(Short web captions)

-------

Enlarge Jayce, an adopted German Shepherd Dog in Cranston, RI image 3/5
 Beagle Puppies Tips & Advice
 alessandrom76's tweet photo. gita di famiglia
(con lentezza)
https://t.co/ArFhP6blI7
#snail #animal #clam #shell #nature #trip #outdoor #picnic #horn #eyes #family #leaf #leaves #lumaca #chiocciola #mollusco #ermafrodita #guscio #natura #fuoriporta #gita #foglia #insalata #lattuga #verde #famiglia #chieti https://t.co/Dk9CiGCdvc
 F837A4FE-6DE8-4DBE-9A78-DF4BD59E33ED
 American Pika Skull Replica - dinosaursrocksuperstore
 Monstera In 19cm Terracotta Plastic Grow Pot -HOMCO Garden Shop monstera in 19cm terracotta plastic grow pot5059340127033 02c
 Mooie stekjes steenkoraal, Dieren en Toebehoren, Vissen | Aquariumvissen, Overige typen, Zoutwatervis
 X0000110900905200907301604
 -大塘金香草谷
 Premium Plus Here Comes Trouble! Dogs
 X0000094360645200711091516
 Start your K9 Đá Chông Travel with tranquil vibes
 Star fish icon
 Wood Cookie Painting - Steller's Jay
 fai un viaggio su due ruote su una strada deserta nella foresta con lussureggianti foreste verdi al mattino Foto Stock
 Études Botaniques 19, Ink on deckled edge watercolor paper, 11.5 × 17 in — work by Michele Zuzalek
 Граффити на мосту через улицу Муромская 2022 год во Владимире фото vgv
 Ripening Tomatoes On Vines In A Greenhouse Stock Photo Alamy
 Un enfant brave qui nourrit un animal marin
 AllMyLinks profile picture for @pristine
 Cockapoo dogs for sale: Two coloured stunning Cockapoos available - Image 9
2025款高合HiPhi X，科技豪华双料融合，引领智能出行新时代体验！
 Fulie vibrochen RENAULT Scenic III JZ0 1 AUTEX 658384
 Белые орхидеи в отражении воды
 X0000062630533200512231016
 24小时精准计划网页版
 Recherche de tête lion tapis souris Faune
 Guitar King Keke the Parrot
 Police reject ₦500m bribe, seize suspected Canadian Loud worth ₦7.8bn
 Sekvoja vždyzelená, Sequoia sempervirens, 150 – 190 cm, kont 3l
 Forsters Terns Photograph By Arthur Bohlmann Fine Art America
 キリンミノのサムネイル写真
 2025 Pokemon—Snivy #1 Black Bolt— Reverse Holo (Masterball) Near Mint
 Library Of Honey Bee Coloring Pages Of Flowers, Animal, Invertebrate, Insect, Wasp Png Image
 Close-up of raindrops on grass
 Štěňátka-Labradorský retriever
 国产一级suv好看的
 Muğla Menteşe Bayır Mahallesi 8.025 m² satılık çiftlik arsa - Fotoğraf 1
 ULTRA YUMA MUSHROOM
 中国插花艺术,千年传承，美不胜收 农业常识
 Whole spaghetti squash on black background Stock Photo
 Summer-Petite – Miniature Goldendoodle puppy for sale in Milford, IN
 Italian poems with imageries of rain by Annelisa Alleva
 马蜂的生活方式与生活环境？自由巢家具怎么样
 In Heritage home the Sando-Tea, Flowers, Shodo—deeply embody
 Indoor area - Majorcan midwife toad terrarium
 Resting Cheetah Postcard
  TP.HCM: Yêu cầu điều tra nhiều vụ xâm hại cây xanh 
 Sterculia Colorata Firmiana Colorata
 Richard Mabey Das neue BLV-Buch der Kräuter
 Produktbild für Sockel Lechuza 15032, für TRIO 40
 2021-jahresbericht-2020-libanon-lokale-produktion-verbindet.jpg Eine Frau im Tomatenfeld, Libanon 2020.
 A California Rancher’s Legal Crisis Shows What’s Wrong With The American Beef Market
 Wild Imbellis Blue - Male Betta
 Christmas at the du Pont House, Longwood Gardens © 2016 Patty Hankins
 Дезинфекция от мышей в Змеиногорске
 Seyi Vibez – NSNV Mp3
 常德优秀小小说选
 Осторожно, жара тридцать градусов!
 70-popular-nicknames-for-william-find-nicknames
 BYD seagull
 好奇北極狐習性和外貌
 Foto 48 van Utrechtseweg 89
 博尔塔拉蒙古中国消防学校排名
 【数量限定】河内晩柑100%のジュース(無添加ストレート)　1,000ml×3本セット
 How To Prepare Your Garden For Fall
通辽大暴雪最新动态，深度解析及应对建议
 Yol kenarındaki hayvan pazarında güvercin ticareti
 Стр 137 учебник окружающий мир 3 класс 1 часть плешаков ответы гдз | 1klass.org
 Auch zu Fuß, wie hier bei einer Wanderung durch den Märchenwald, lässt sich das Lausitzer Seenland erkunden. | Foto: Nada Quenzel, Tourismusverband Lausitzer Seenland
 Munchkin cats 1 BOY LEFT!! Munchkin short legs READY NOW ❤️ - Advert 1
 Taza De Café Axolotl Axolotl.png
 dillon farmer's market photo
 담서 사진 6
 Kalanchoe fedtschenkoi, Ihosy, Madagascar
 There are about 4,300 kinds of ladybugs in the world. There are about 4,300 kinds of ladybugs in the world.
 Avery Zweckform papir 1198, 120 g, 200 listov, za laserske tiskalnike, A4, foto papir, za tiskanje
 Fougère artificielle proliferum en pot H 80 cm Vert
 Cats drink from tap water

-------

## Task
The required answer is the exact run of lines above starting at the line with "Études Botaniques 19, Ink" and ending at the line with "In Heritage home", with both ends present.

## Reply to the exercise
 Études Botaniques 19, Ink on deckled edge watercolor paper, 11.5 × 17 in — work by Michele Zuzalek
 Граффити на мосту через улицу Муромская 2022 год во Владимире фото vgv
 Ripening Tomatoes On Vines In A Greenhouse Stock Photo Alamy
 Un enfant brave qui nourrit un animal marin
 AllMyLinks profile picture for @pristine
 Cockapoo dogs for sale: Two coloured stunning Cockapoos available - Image 9
2025款高合HiPhi X，科技豪华双料融合，引领智能出行新时代体验！
 Fulie vibrochen RENAULT Scenic III JZ0 1 AUTEX 658384
 Белые орхидеи в отражении воды
 X0000062630533200512231016
 24小时精准计划网页版
 Recherche de tête lion tapis souris Faune
 Guitar King Keke the Parrot
 Police reject ₦500m bribe, seize suspected Canadian Loud worth ₦7.8bn
 Sekvoja vždyzelená, Sequoia sempervirens, 150 – 190 cm, kont 3l
 Forsters Terns Photograph By Arthur Bohlmann Fine Art America
 キリンミノのサムネイル写真
 2025 Pokemon—Snivy #1 Black Bolt— Reverse Holo (Masterball) Near Mint
 Library Of Honey Bee Coloring Pages Of Flowers, Animal, Invertebrate, Insect, Wasp Png Image
 Close-up of raindrops on grass
 Štěňátka-Labradorský retriever
 国产一级suv好看的
 Muğla Menteşe Bayır Mahallesi 8.025 m² satılık çiftlik arsa - Fotoğraf 1
 ULTRA YUMA MUSHROOM
 中国插花艺术,千年传承，美不胜收 农业常识
 Whole spaghetti squash on black background Stock Photo
 Summer-Petite – Miniature Goldendoodle puppy for sale in Milford, IN
 Italian poems with imageries of rain by Annelisa Alleva
 马蜂的生活方式与生活环境？自由巢家具怎么样
 In Heritage home the Sando-Tea, Flowers, Shodo—deeply embody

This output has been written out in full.